Sawyer, the victims' advocate, told her that the clergy review board would investigate her claims and determine whether she had been abused. The woman, then in her early 20s, was called to testify before the board. Sawyer allowed her to bring one family member for support.

The review board included at least one priest, a psychologist, and an architect, among others, she said. It didn't make sense, she thought.

Board members lobbed questions as though it were a game of pinball, she said.

No detail escaped scrutiny. Someone asked whether Keating's penis was erect when he touched her. "I was like, does it matter?" she said.

She left the review board meeting with a familiar, terrible ache. "I felt like I was traumatized again by that," she said. "I just felt numb."

A few months later, the clergy review board reached its conclusion. Keating didn't do it.

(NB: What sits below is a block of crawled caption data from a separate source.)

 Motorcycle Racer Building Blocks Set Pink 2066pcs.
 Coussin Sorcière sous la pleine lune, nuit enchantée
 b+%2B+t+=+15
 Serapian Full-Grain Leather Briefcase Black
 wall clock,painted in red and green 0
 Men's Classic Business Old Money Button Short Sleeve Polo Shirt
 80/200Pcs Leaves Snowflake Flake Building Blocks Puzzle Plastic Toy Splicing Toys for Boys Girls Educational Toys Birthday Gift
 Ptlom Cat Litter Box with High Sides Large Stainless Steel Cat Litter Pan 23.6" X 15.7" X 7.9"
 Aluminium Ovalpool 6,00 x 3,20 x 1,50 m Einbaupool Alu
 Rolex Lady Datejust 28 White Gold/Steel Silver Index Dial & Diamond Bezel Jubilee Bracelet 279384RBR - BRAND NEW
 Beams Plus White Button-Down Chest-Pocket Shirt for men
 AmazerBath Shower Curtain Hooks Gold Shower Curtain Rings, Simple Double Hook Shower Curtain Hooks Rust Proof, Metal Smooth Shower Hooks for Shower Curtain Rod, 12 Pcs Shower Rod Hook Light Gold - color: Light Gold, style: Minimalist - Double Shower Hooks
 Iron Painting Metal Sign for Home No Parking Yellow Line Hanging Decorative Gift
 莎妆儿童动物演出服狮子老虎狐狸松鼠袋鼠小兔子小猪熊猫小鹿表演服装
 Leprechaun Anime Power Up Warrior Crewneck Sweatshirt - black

"Based on the record as a whole, the Board finds that there is insufficient evidence to support a finding of sexual abuse of a minor in violation of the Charter," Sawyer, the advocate, explained in a letter to the woman's family member.

Sawyer added a statement from Eisenzimmer, the archdiocese's attorney, which said the information should be kept private. "The summary may be used only to aid in your understanding of the contents and for no other purpose unless authorized by me," he wrote.

The woman, who remains Catholic, said she is filing the lawsuit because she doesn't want anyone else to be abused. "I feel that it's my responsibility to say something to break the silence," she said.




Editor's note: This story was updated at 3:25 p.m. to include new details from a Monday afternoon news conference and from the University of St. Thomas.